Interact with SQL Server

tidyverse
code
sql
Author

Ravi C

Published

February 13, 2023

We will go through how to connect to a sql server and fetch tables.

To connect to SQL Server, we will use the DBI and ODBC package. Please note you need to create a ODBC connection in Windows using the built in “ODBC Data Source” application.

con <- DBI::dbConnect(odbc::odbc(), "db_name")
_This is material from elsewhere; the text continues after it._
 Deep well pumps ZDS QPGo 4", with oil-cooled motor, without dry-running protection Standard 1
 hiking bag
Once the connection is create using the code above you can now use dplyr tbl function to query the tables

tbl(con, "table_name")

The table from tbl is a lazy table and to assign it to tibble or data frame we need the collect function.

tbl_tibble <-
  tbl(con, "table_name") |>
  collect()

The above code works fine if your table is under the “dbo” schema, but what if it is on a different schema?
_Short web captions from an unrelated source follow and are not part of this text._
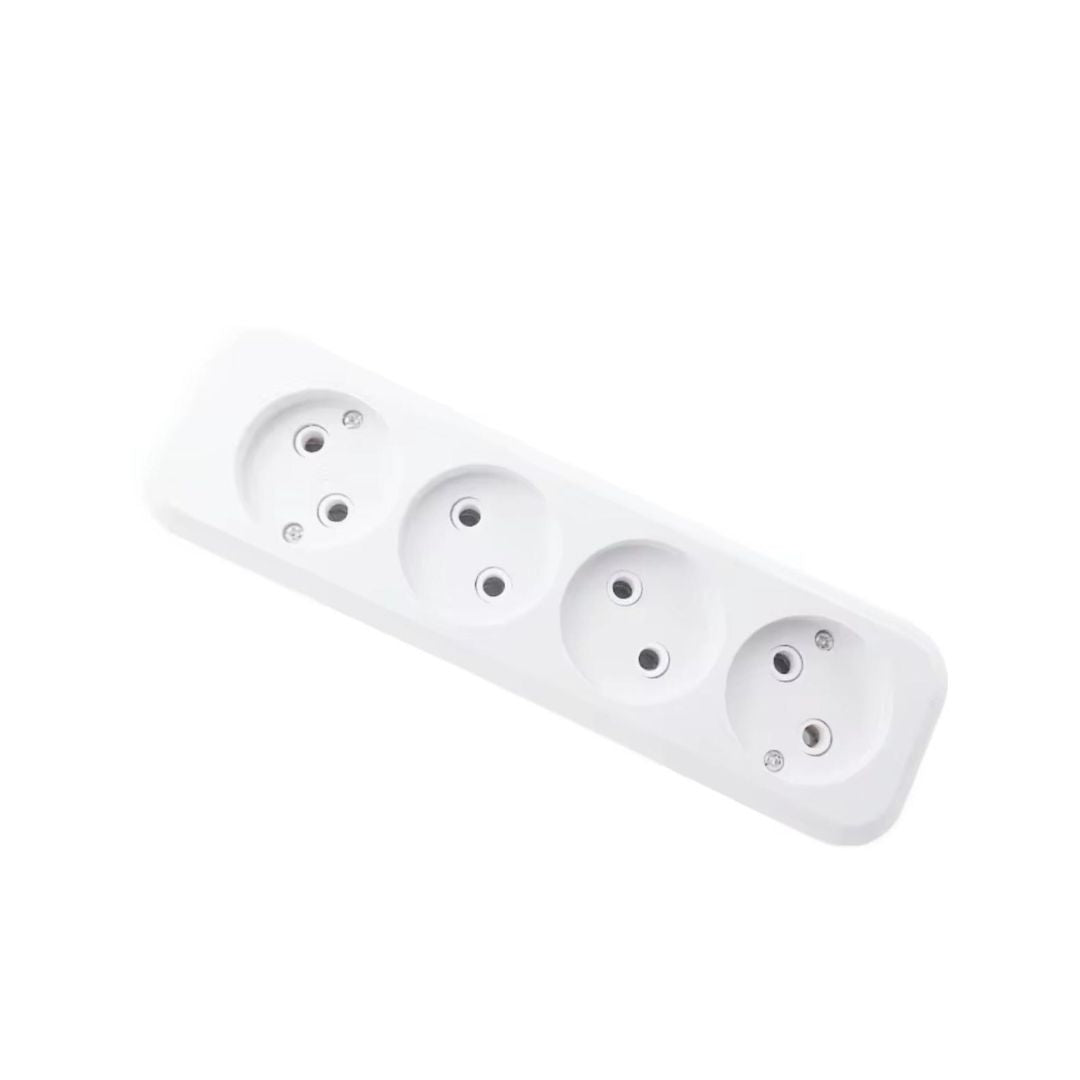 Extension Socket 3 Way / 4 Way Without Cable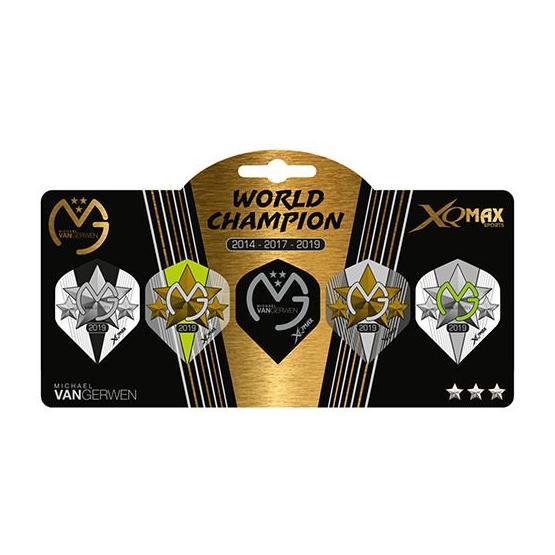 XQ Max QD1000790 Michael Van Gerwen Multipack Kanat Seti 5 Set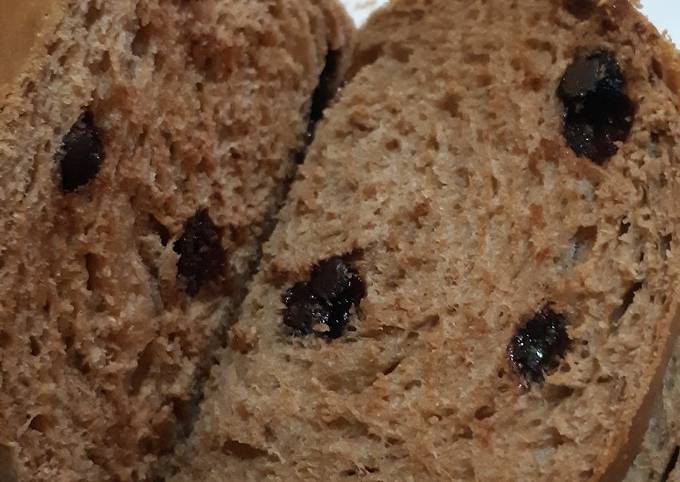 Resep Roti Tawar Choco Chips Oleh Indah Riduwan Cookpad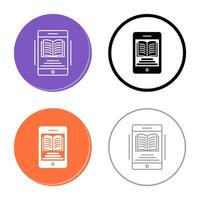 Ebook Vector Icon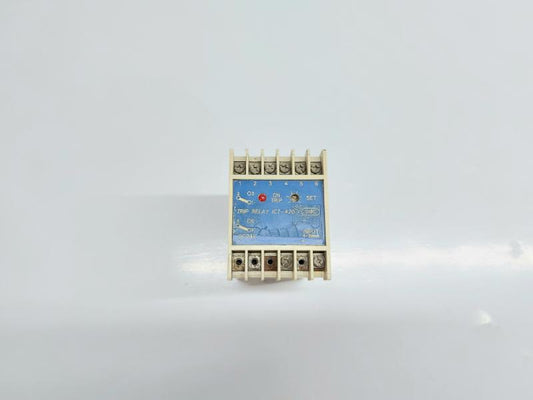 PAN DELTA CONTROLS ICT-420 TRIP RELAY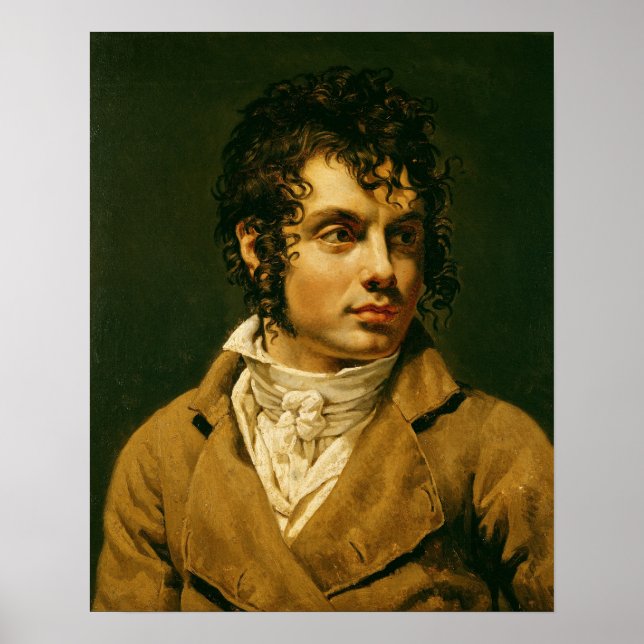 Affiche Portrait d'un homme 2 (Devant)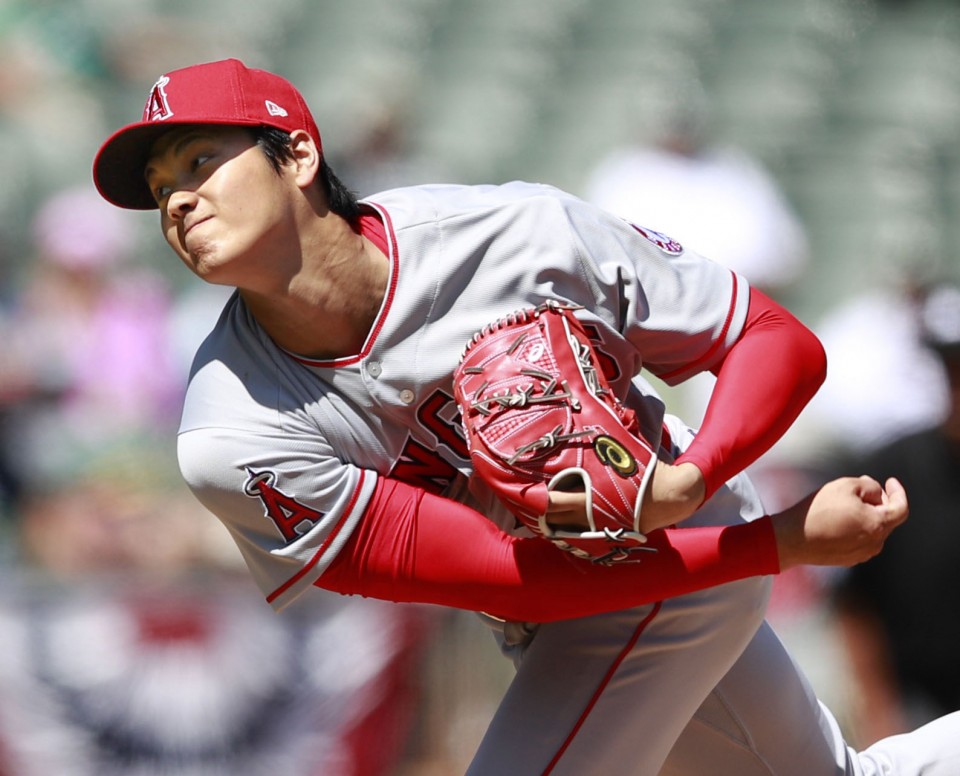 2018 MLB Rookie Of The Year: Shohei Ohtani — College Baseball, MLB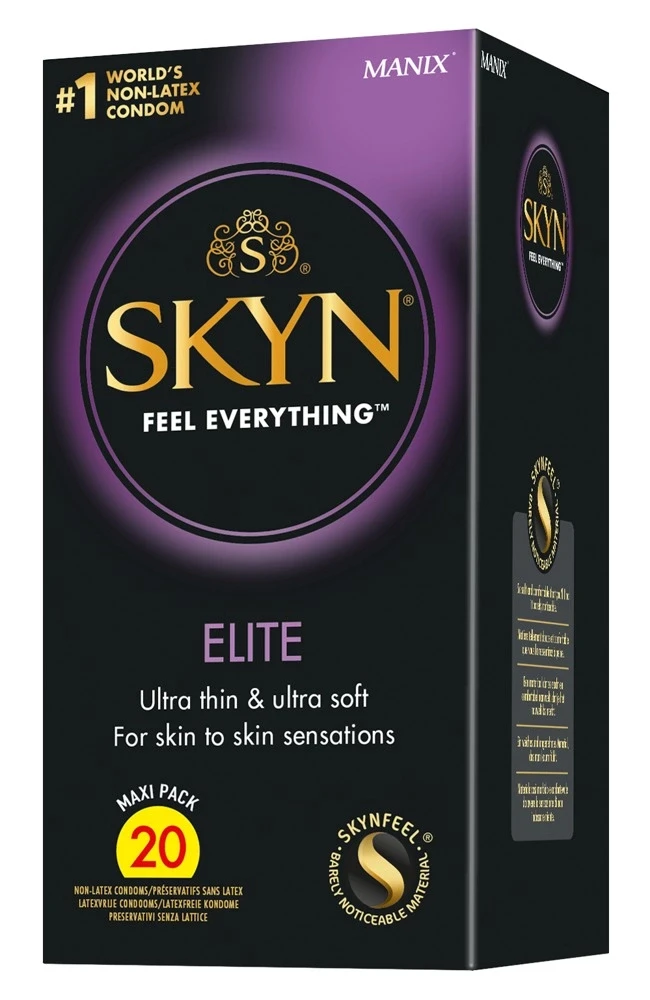SKYN Elite Prezervatyvai be latekso (20 vnt.)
We can use the in_schema function from the dbplyr package.

tbl(con, dbplyr::in_schema("schema", "table_name"))
Warning

There is an issue with nanodbc where NVARCHAR fields are out of bounds for the connection and it wont return a result, I was able to find a solution on stackoverflow here.
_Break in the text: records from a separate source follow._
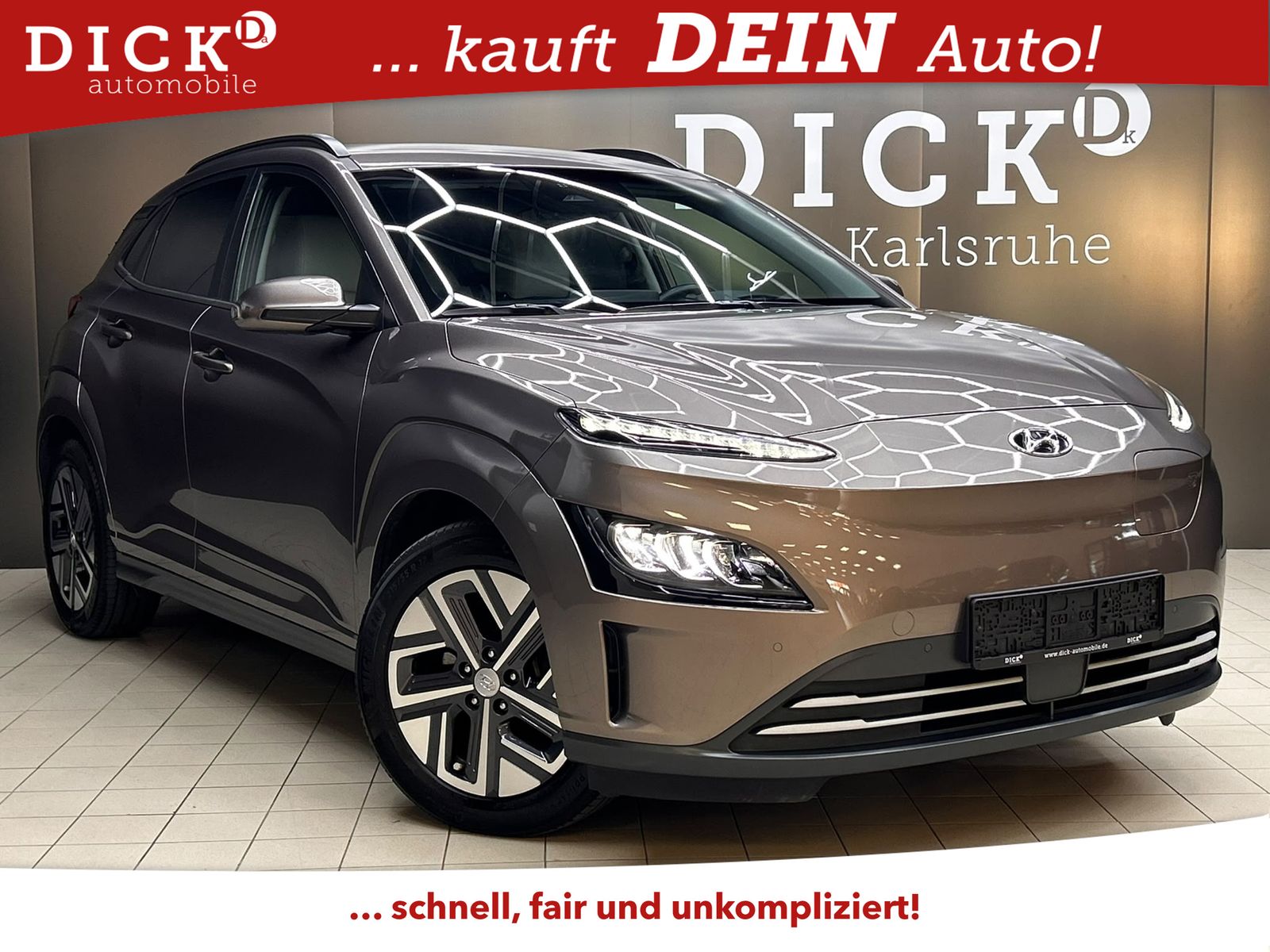 Hyundai Kona Elektro Prime LED+NAVI+HEAD+SHZ+KRELL+ACC+
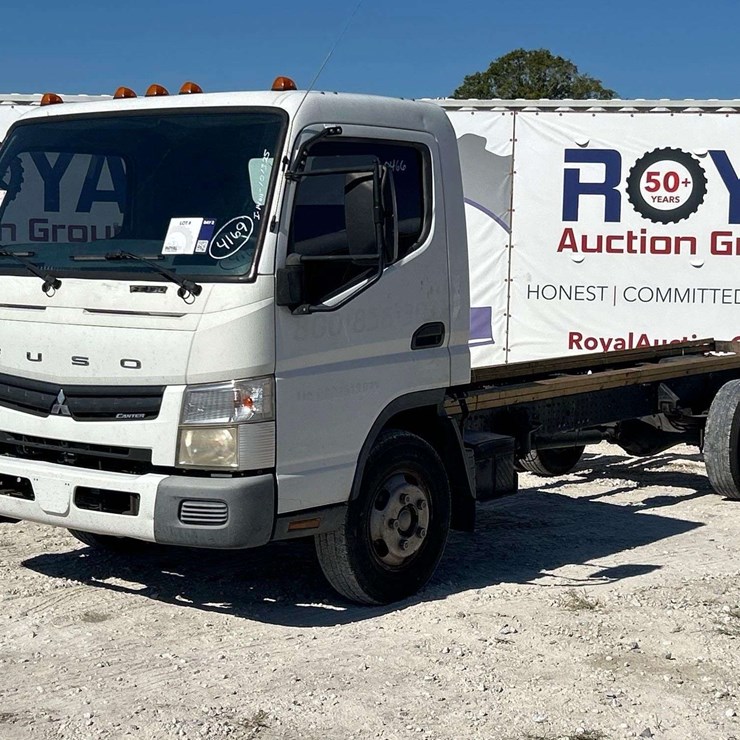 2016 MITSUBISHI FUSO FEC52S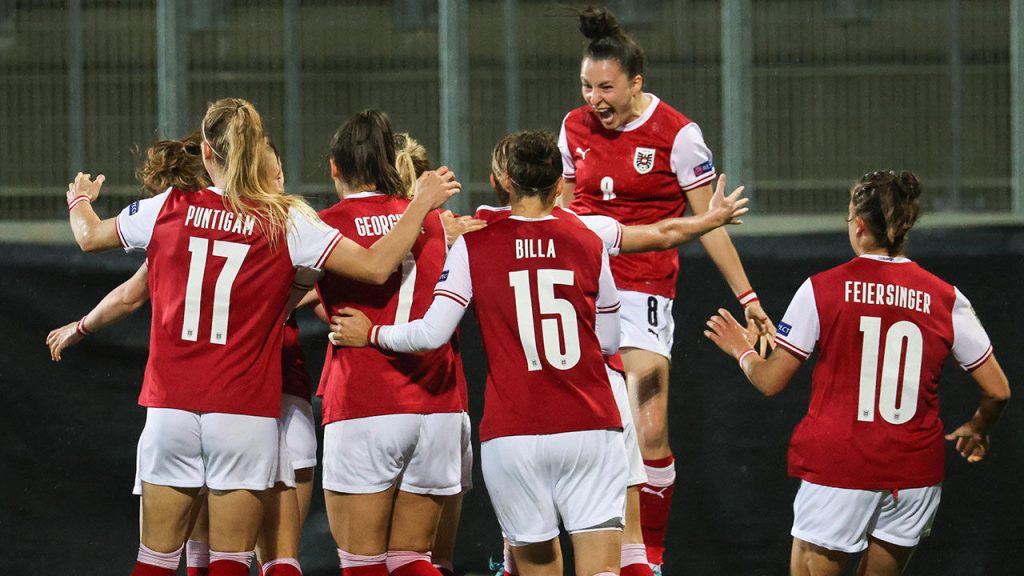What is the equivalent of 2017?  Austrian Football Federation women want to 'write a new history' - football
The code below will basically arrrange the columns in order and the NVARCHAR fields that have CHARACTER_MAXIMUM_LENGTH = -1 will be replaced with 100000 so that they are at the end of select query.

col_names <-
  data_type |>
  mutate(
    col_nm = case_when(
      is.na(CHARACTER_MAXIMUM_LENGTH) ~ 10,
      CHARACTER_MAXIMUM_LENGTH == -1 ~ 100000,
      TRUE ~ as.double(CHARACTER_MAXIMUM_LENGTH)
    )
  ) |>
  arrange(col_nm) |>
  pull(COLUMN_NAME) |>
  paste(collapse = ", ")

query <- paste("SELECT", col_names, "FROM schema.table_name")

tbl(con, sql(query))